Close to 200 people – many wearing red in support of the PHS issue – attended Tuesday’s meeting as board members considered funding the multi-million dollar renovation project.
Joe Carrico with the PHS Stadium Committee addressed the board to outline its needs.
“We’re here to talk about a grand old lady. Through 90 years she needed a little more TLC,” he said. “Tonight, she needs a facelift.”
Carrico said the stadium committee wants to fix the home side bleachers in time for soccer and football season. The renovations will cost $1.3 million.
The stadium committee asked the board for permission to begin fundraising, explore the possibility of borrowing up to $400,000, obtain $40,000 in capital improvement funding and use $60,000 from the committee toward the project.
“The elephant in the room is how much we are asking from the board,” he said. The committee requested $700,000 from the board.
“We understand it is a financial strain, but it is needed to meet the aggressive schedule,” Carrico said.

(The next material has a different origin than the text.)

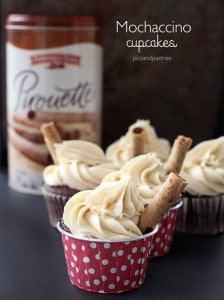 mochaccino cupcakes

Carrico said if the committee has a large donor come forward it may come back to discuss naming rights.
The board was unanimous in its vote, 4-0, to approve the funding. Board member Tad Wilson was absent.
Board member Jim Fox said the board had an “obligation” to do this.
Six people spoke Tuesday, all relating to the athletic facility issues. Among those was Parkersburg High football player Chandler Hamilton, who delivered an impassioned plea for the board to provide funds. Hamilton cried several times during his presentation about his desire and need to use the field.
Afterward he received a hug from Fox and a standing ovation from the crowd. Hamilton closed his speech with a rally cry for students in front of board members.
Rick Bush, an alumnus from PHS and supporter of the Parkersburg South Erickson All-Sports facility, also addressed the board. He spoke in support of funding Stadium Field, but asked for funding for Erickson as well.
Bush requested $500,000: $100,000 for the new track around the field and approximately $400,000 for new bleachers at the Rod Oldham Athletic Center.
After listening to school system finance director Connie Roberts overview of the facilities needs and funds, Bush said there was “no reason PHS can’t leave with its money and South with its $700,000.”
Roberts said the school system is projecting a $4.9 million carryover for the upcoming fiscal year. That money includes the $2.8 million contingency funds as well as $200,000 in money needed for emergency repairs.
Roberts said the school system needs approximately $16 million is roof repairs- just roof repairs. If the money isn’t there at least $200,000 is needed for emergency repairs until enough is available to do repairs.
Bush also recommended school officials look at refinancing bonds, noting lower interest rates.
Board president Tim Yeater said after everyone is gone members need to look at the budget.
“The $700K didn’t just magically appear,” he said.
Wood County Schools Superintendent Pat Law said officials had an additional problem that no one was expecting, referring to PHS. He said the board had a difficult decision.
Board member Lawrence Hasbargen said the system was at a crossroads with regard to repairs. He pointed the finger at the state for its tendency to overlook athletic facilities.
“It is ridiculous to go down that road. The state should be helping us and they don’t do it. They kick it back to us,” he said.
“We allow someone to build something on our property and we aren’t taking care of it, shame on us,” Yeater said.
Fox, reading from a typed sheet of paper, made the motion to amend the agenda item to provide $700,000 in funding to the stadium. It was seconded by John Marlow.
Board members made no move on Bush’s request. Fox said if Erickson was closed, he would support funding to get it open again.
“We are in this together,” he said. “We need to do this as a community.”